His head came up. Fear in his eyes.
“I was listening to the radio this morning. They were talking about the Troubles and what should we do about the past. I think it’s time your past came out, Mickey. I remembered our little case all those years ago. Our first case—the pub bombings? That got me thinking about our past. And our second or third case, if I remember rightly? Another fraud conviction. That time you got nine months, and with 50 percent remission and time on remand you were out in a month and a half. But you weren’t worried about doing the time, you were worried about—”
“Fuck that, no way.”
“You have no choice.”
Rubbing his head, he swore.
“Why didn’t you tell me?” I said.
“It’s ancient fuckin’ history, for fuck’s sake. I didn’t . . . I didn’t want to put Agnes through all that, not again.”
“It’s the only way.”
Eventually, Mickey relented. Even though he faced twenty years for murder, he would rather do that time than hurt his wife any further. I had to admire him for that, at least. But now it was time for the truth to emerge, with a little unwitting help from the prosecution.
Before court began, I sent Mr. O’Neill on an errand to the offices of the Belfast Telegraph .
* * *
Fozzy looked at me like I’d suffered a minor stroke. He questioned witness after witness—scenes of crime officers, photographers, police officers—and elicited damning evidence against Mickey from each one before turning them over to me, at which point I would politely shake my head, having no questions to ask.
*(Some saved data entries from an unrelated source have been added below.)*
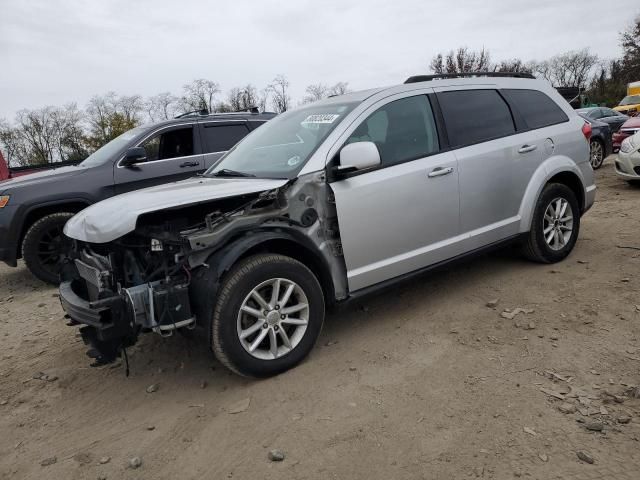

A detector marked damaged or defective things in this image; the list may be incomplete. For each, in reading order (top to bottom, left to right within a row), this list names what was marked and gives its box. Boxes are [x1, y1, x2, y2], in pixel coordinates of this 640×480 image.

crumpled hood [0, 166, 85, 190]
crumpled hood [65, 176, 288, 244]
severe front damage [59, 173, 348, 368]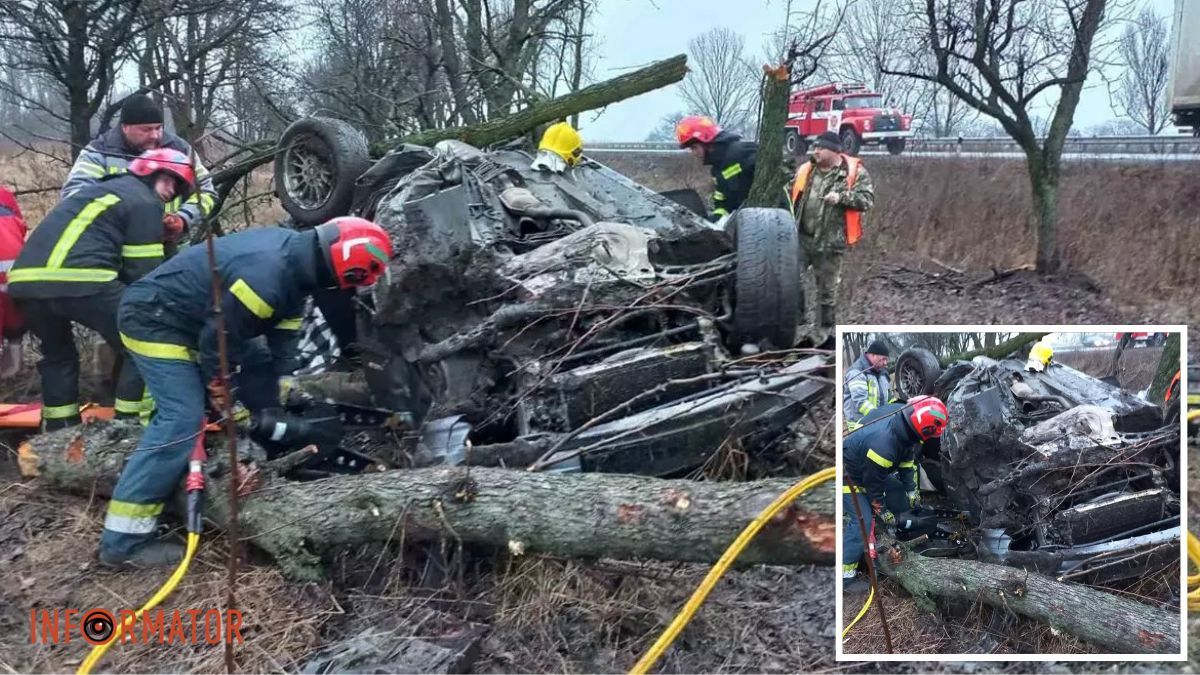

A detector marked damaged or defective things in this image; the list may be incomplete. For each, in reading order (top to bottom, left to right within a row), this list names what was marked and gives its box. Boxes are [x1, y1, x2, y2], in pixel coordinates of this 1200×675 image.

overturned car [270, 117, 825, 473]
overturned car [897, 348, 1176, 581]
“Are you feeling all right, Mack?” asked Fozzy.
“Fuck off,” I said.
He called his final witness, a seemingly minor individual who was there simply to prove documents. He was Arthur Hamill, a records officer with the Department of Justice. Earlier that morning Fozzy had sought to introduce bad-character evidence against Mickey—in other words, his criminal record. He wished to show the jury that Mickey was a dishonest man and therefore a dishonest witness, having been previously convicted of over one hundred crimes of dishonesty. I agreed that Mickey’s record could be shown to the jury on the understanding that we would be provided with a copy of the deceased’s criminal record in return. Fozzy agreed, thinking that I had made a grave error; nothing is more likely to increase a sentence than attacking the victim during the defence case, and Fozzy wanted to give me full reign to hang my client by assassinating the character of a murder victim.
After Mr. Hamill, a rather bored civil servant in a blue suit was sworn in, Fozzy took the jury through our client’s record, highlighting the number of convictions for theft and fraud, but not going into the facts of any of the prior cases.
“Nothing further,” said Fozzy.
“I have just a few questions, Mr. Hamill,” I began.
The jury seemed surprised to hear my voice, as if I was going to spoil what had been up until then a fairly straightforward affair.
“Mr. Hamill, you will see that the defendant was convicted of fraud on the 18th of October 1981 at Belfast Magistrates Court. There is, I believe, a short narrative below each record of conviction to give a little more detail of the crime. Would you please read out that narrative for the 18th of October?”